Dec
4
Bragging Rights: Stickball Stories Documentary
December 4, 2007 |
(Proof that this blog can do more than pan cans of crap…)
Just when you think everything’s gone over to monoculture (aka “American Processed Cheese Food Product”)… you run across a little gem like Bragging Rights: Stickball Stories. The distinctively New York stickball subculture (with offshoots in Cocoa Beach, FL, Puerto Rico, San Diego and some other places) is the subject of Sonia Gonzales’ documentary, that shows a profound affection for and intimate knowledge of the game, the peoples who played it from Depression-era New York (when it served as a bridge among Italians, Puerto Ricans and African-Americans) through today, when new and old generations try to keep the game alive and spread it. Bronx, Brooklyn, and Harlem (especially Spanish Harlem) stickball teams and players past and present all figure in the story. (And New York being New York, even September 11 figures in the story of stickball– though in a way that is neither gratuitous nor maudlin.)

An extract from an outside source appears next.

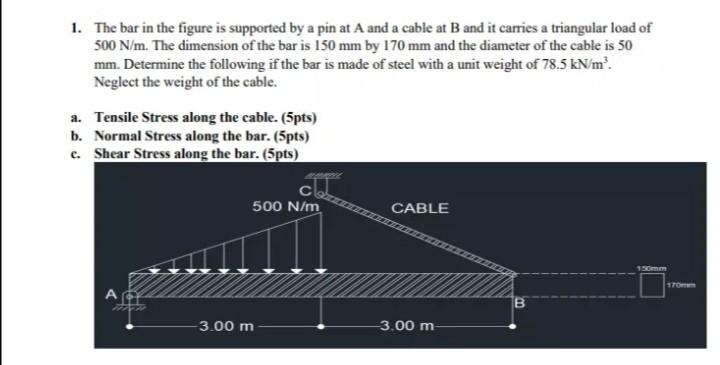 Solved 1. The bar in the figure is supported by a pin at A | Chegg.com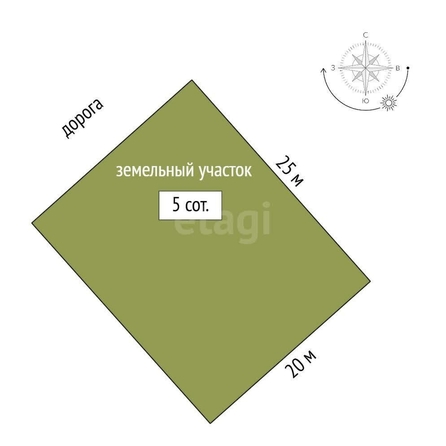 
  Продается земельный участок, 5 соток, село Усть-Заостровка
. Фото 5.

It’s easy to look at America through the eyes of its mass media and think all the regional difference is dead. And surely there’s less of it than there was. Even with all the homogenization and pasteurization of the US, somehow culture holds on. In this case, Chica Luna (via PBS) has given us a taste of it.
Cheese of the day: queso de hoja– a Latino cheese that does not melt. (And to honor the New Yorkers of other backgrounds who contributed to the sport, what could be more American, or more authentically New York, than the mozzerella found on the classic slice of New York pizza?)